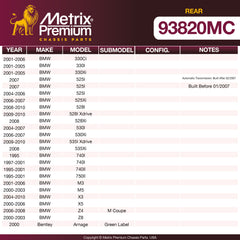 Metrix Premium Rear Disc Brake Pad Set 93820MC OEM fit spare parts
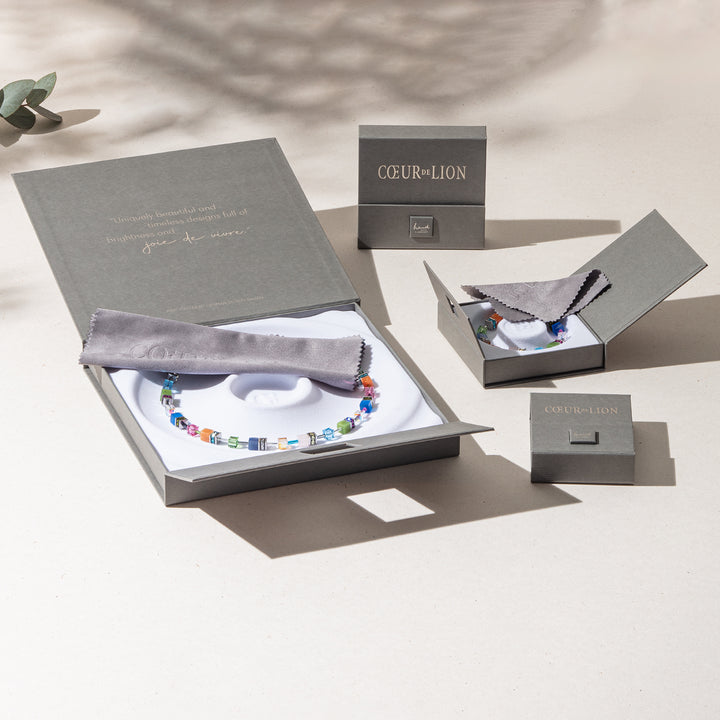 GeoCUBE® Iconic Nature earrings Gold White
★ ★ ★ ★ ★
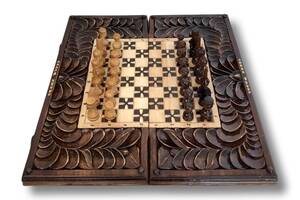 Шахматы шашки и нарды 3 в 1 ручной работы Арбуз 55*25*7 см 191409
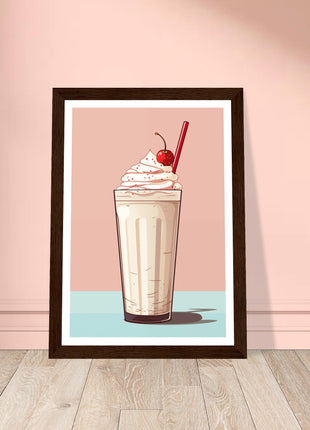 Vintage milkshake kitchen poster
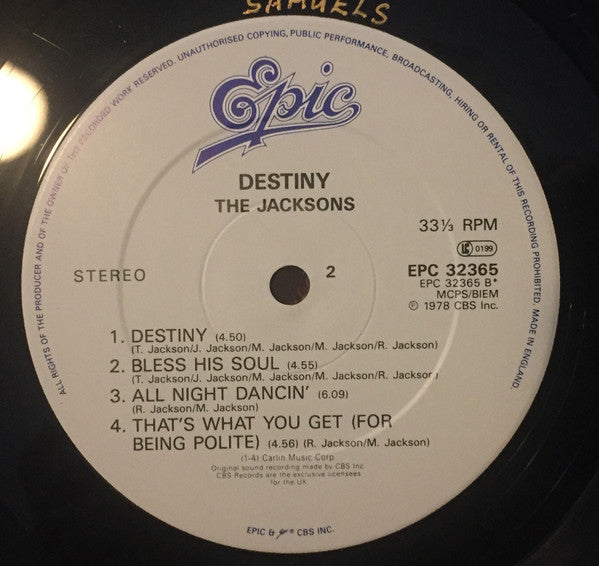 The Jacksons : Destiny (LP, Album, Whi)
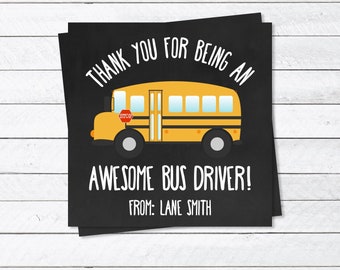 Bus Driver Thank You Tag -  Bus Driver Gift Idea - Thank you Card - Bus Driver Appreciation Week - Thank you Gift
★ ★ ★ ★ ★
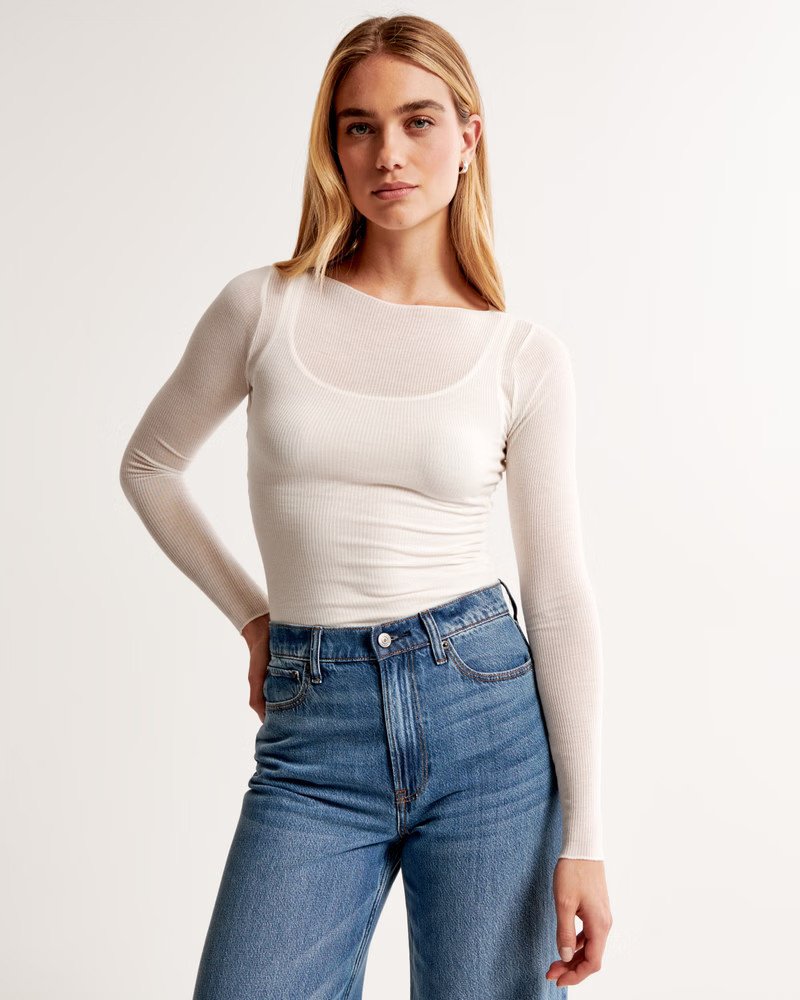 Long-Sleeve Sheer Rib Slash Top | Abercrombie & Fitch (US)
★ ★ ★ ★ ★
* Work required: In the listing above, find the line containing "Metrix Premium Rear" and the line containing "GeoCUBE® Iconic Nature earrings Gold White". Print those two lines and every line between them exactly, with no pictures.

* Result for this task:
 Metrix Premium Rear Disc Brake Pad Set 93820MC OEM fit spare parts
 GeoCUBE® Iconic Nature earrings Gold White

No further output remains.